然而,单一生产资料公有制和指令性计划经济、权力高度集中的经济政治体制也是导致苏联解体的重要原因。对此,习近平总书记深刻指出:“苏联模式在特定的历史条件下促进了苏联经济社会快速发展,也为苏联军民夺取反法西斯战争胜利发挥了重要作用。但由于不尊重经济规律等,随着时间推移,其弊端日益暴露,成为经济社会发展的严重体制障碍。”[7]长期来看,苏联高度集中的指令性计划经济体制存在着粗放型、结构畸形、动力不足等问题。在所有制结构上,全民所有制的国有经济占绝对统治地位;在经济运行机制上,高度集中的计划经济体制虽然在工业化初期卓有成效,但是企业长期没有自主经营权,经济发展的内在动力不足;在产业布局上,长期优先发展重工业特别是国防工业的计划指导下,农业和轻工业严重滞后,虽然实现了国家工业和军事能力的极速赶超,但是人民生活难以改善,收入水平下降——这也是苏联模式失败的基础性原因。

需要指出的是,斯大林认识到了社会主义是存在商品生产和商品交换的社会,因此,斯大林经济思想具有一定进步性。斯大林首先肯定了消费资料的商品生产和交换,同时也初步认识到生产资料“保持着商品的外壳(计价等等)”。[8]同时,他指出价值规律在社会主义社会同样有效。但是,斯大林在这方面的认识仍然具有局限性:第一,价值规律虽然可以发挥作用,但只限制在流通领域,在一定范围内对个人消费品的流通起调节作用,而不是直接在生产领域发挥作用;第二,把高度集中的计划经济当作社会主义经济的本质,利用行政命令来取代市场和货币;第三,过早地取消商品货币关系,建立了由全民所有制和集体所有制两种公有制形式所组成的社会主义基本经济制度。

苏联模式在二战后成为社会主义实践的范本,迅速在东欧和中国等社会主义国家推广。回顾从列宁的新经济政策到斯大林模式的转变,再反观中国自身发展,中国和苏联都在社会主义过渡阶段遇到了发展难题。因此,进行社会主义改造后,该如何进一步进行社会主义建设,是选择计划经济,还是利用商品货币关系,既是社会主义政治经济学的重大理论问题,也是社会主义经济建设的重大实践问题。

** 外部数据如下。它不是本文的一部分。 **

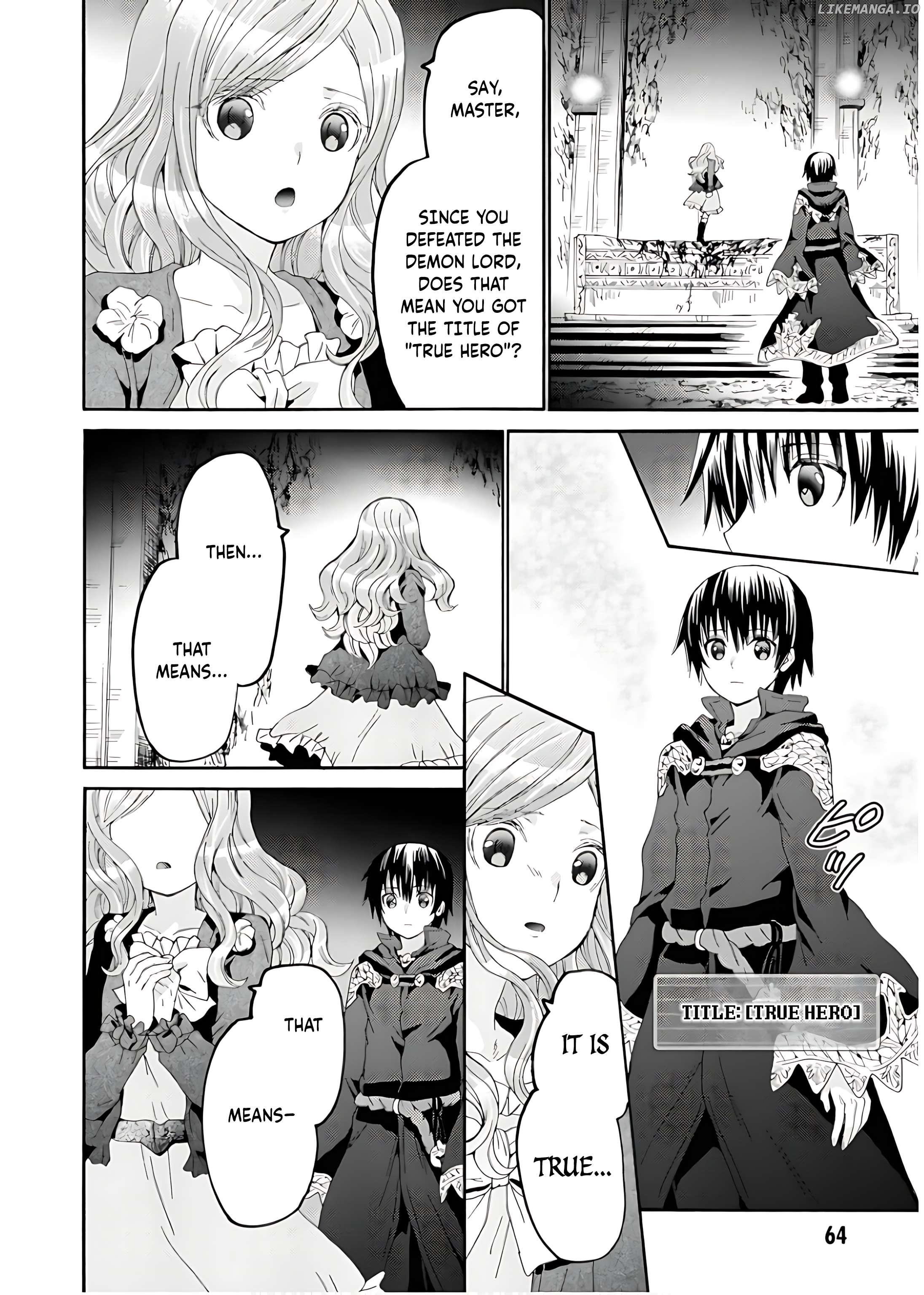 Death March Kara Hajimaru Isekai Kyousoukyoku Chapter 109 - page 3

(三)传统社会主义政治经济学反思:市场存在的必然性和必要性

传统社会主义政治经济学的最大理论局限性是将“市场”排除在外。然而,市场经济是必然要经过的历史阶段——这不仅是苏联模式的教训,也是中国改革开放的成功经验。认识“市场”,既要关注市场本身,又要在历史发展的整体进程中认识市场存在的必要性和必然性。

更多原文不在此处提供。